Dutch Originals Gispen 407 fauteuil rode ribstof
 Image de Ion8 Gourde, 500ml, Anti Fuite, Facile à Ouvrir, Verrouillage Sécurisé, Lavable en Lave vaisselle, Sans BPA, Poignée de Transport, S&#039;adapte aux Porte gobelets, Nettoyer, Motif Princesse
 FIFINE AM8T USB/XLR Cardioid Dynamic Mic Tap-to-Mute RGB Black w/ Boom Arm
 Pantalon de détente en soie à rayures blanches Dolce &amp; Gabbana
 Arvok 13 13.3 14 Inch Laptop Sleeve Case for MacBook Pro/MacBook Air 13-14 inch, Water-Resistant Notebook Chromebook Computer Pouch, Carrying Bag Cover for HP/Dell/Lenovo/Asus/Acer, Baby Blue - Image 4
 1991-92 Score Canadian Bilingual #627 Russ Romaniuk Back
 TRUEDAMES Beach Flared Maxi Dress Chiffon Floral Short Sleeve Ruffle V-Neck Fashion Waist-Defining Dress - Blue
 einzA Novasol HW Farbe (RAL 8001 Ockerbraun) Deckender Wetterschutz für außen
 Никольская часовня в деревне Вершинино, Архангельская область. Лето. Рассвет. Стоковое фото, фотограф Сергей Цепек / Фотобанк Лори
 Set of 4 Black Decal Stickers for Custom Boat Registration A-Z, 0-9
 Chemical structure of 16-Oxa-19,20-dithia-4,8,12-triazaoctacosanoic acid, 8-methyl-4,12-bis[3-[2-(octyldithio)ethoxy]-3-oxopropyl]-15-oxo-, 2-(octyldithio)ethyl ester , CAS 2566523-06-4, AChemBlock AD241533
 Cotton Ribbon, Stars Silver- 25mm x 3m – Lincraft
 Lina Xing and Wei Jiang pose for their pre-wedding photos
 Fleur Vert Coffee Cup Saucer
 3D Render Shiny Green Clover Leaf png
——
What to do: Reproduce the data exactly, character for character.

Response to the exercise:
Dutch Originals Gispen 407 fauteuil rode ribstof
 Image de Ion8 Gourde, 500ml, Anti Fuite, Facile à Ouvrir, Verrouillage Sécurisé, Lavable en Lave vaisselle, Sans BPA, Poignée de Transport, S&#039;adapte aux Porte gobelets, Nettoyer, Motif Princesse
 FIFINE AM8T USB/XLR Cardioid Dynamic Mic Tap-to-Mute RGB Black w/ Boom Arm
 Pantalon de détente en soie à rayures blanches Dolce &amp; Gabbana
 Arvok 13 13.3 14 Inch Laptop Sleeve Case for MacBook Pro/MacBook Air 13-14 inch, Water-Resistant Notebook Chromebook Computer Pouch, Carrying Bag Cover for HP/Dell/Lenovo/Asus/Acer, Baby Blue - Image 4
 1991-92 Score Canadian Bilingual #627 Russ Romaniuk Back
 TRUEDAMES Beach Flared Maxi Dress Chiffon Floral Short Sleeve Ruffle V-Neck Fashion Waist-Defining Dress - Blue
 einzA Novasol HW Farbe (RAL 8001 Ockerbraun) Deckender Wetterschutz für außen
 Никольская часовня в деревне Вершинино, Архангельская область. Лето. Рассвет. Стоковое фото, фотограф Сергей Цепек / Фотобанк Лори
 Set of 4 Black Decal Stickers for Custom Boat Registration A-Z, 0-9
 Chemical structure of 16-Oxa-19,20-dithia-4,8,12-triazaoctacosanoic acid, 8-methyl-4,12-bis[3-[2-(octyldithio)ethoxy]-3-oxopropyl]-15-oxo-, 2-(octyldithio)ethyl ester , CAS 2566523-06-4, AChemBlock AD241533
 Cotton Ribbon, Stars Silver- 25mm x 3m – Lincraft
 Lina Xing and Wei Jiang pose for their pre-wedding photos
 Fleur Vert Coffee Cup Saucer
 3D Render Shiny Green Clover Leaf png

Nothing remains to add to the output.